Mihaela Fileva () (born May 15, 1991) is a Bulgarian singer-songwriter and dancer. Her career started in 2005 when she won the Bulgarian National Television show – “Hit Minus One”. Her big breakthrough was in 2011 when she was a finalist in The X factor Bulgaria.

Biography
Fileva was born in Veliko Tarnovo on May 15, 1991. She began playing piano and singing at the age of 6. At 9 she took her first dance classes. She won the music show "Hit-1" in 2006. She studied in The National Academy of Music "Prof. Pancho Vladigerov".

Education 
She graduated from the High School of mathematics and natural sciences "Vasil Drumev" in her hometown Veliko Tarnovo and then studied jazz and pop at The National Academy of Music “Prof. Pancho Vladigerov”, Sofia

Music career
Mihaela has won multiple awards including  "Female singer of the Year" award winner (BG Radio, Box TV, 359 Hip-Hop Music Awards), "Album of the Year" and "Lyrics of the year" (BG Radio), "Woman of The Year" (in Music, Grazia magazine).

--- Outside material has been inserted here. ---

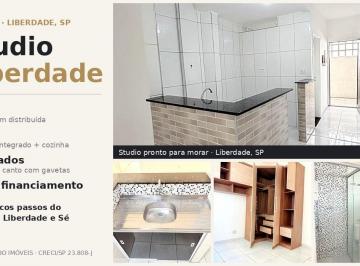 Apartamento de 1 quarto, São Paulo · Apartamento de 30 m² com 1 quarto à venda e para aluguel na Liberdade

Mihaela first made an impression in 2011 as one of the finalists in "X-factor". Her appearance was noticed by the audience and some music producers and soon after she signed with the label Monte Music. In 2012 Mihaela released a single with Billy Hlapeto called "Kogato ti triabvam".

A few months later, the release of Mihaela's single "Opasno blizki", ft. VenZy, made her nationally popular as it turned into a smash hit. It was followed by "A dano, ama nadali" and "Prilivi i otlivi".
Once Mihaela released her debut album "Incognito", it was evidence that she is a productive songwriter and artist. Her singles "Na ryba na ludostta", "Edno naum", "I az sym tuk" and "Incognito" topped the charts in Bulgaria.
The release of her second album „Nova stranitsa" was followed by a sold out concert in one of the biggest concert halls in Sofia and a national tour. The title song, written by Mihaela herself, is considered a masterpiece. In 2020 her third album was released, it was the first live one called “Live in NDK”. 
The latest hit singles "Yin&Yang", "100 na 100"/"All The Way", "Latino Señorita", "Na drugia krai na sveta", "Rodena s kasmet" are included in Mihaela's fourth album "Yin&Yang", released in 2021 and presented with national tour.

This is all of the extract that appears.